Короче, он слыл «славным малым». Но все дело-то в том, что Орест Эдуардович щедро тратил свою душу и свои средства не у Донона или Бореля. Достаточная иллюстрация – побег Кропоткина; впоследствии у Веймара скрывалась Верочка Засулич.

На театре военных действий Орест Эдуардович, не в пример многим знаменитостям, не отсиживался в главной квартире, а работал в самых опасных местах, на перевязочных пунктах. За переход Балкан зимою семьдесят седьмого года его наградили орденом, а потом он удостоился и высочайшего подарка – портрета императрицы, украшенного бриллиантами. Но все это не спасло, однако, Ореста Эдуардовича от жандармского возмездия – несколько лет назад Веймар погиб в Восточной Сибири…

В ту ночь, когда матросу Лопатину сделалось худо, а я потеряла голову, на выручку явился Орест Эдуардович. Вид у него был свежий, словно бы минуту назад он не покоился глубоким сном, а готовился к очередной визитации. Быстро и как бы даже мельком освидетельствовал раненого, быстро, изящно, словно играючи, наложил эсмарховский бинт. Переконфуженная и восхищенная, я проводила его. В дверях он блеснул улыбкой и пропел вполголоса: «Мадам, я вам сказать обязан, я не герой, я не герой…»

Дата форсирования Дуная хранилась в секрете, но военные секреты, даже и не сообразишь как, «выпархивают». Мы, конечно, понимали, что нам предстоит, однако до времени жили с бивачной беспечностью.

Но вот вечером тринадцатого июня после пробития зори все затихло будто бы по-иному, не так, как вчера или третьего дня. А в полночь словно бы сползла с места, темная, мохнатая, чудовищная сороконожка: полки двинулись безмолвно, кавалерия мягко пришлепывала по толстой пыли.

Донеслась пальба. Значит, турки заметили наших. Пальба нарастала. Меня окатило дрожью. Где-то мрачно прошумело, потом резко треснуло – разорвалась граната. Мы поспешно разошлись по госпитальным помещениям. Признаюсь, я приняла двойную дозу нервных капель.

Говорили, что форсирование обошлось без больших жертв. Может, и так, но меня поразил наплыв увечных: везут и везут, несут и несут. Совсем немного времени минет, я увижу тысячи несчастных, распростертых на голой земле, услышу стон, зубовный скрежет: «Сестри-и-ица…», увижу и услышу, но уже, слава богу, не испытаю того чувства, какое испытала в то утро.
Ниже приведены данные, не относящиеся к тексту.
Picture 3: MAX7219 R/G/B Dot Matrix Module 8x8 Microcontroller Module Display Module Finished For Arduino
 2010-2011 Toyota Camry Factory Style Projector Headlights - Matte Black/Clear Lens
Искромсанное, очень белое, неприятно белое человеческое тело, обожженная кожа, кровь с ее сырым, острым запахом – они будто багром вытягивали со дна души отвращение, какую-то безотчетную самозащиту, желание отвернуться, закрыть глаза, заткнуть уши. Правда, это отвратительное чувство было быстро побеждено суровой необходимостью немедленно исполнять свои обязанности.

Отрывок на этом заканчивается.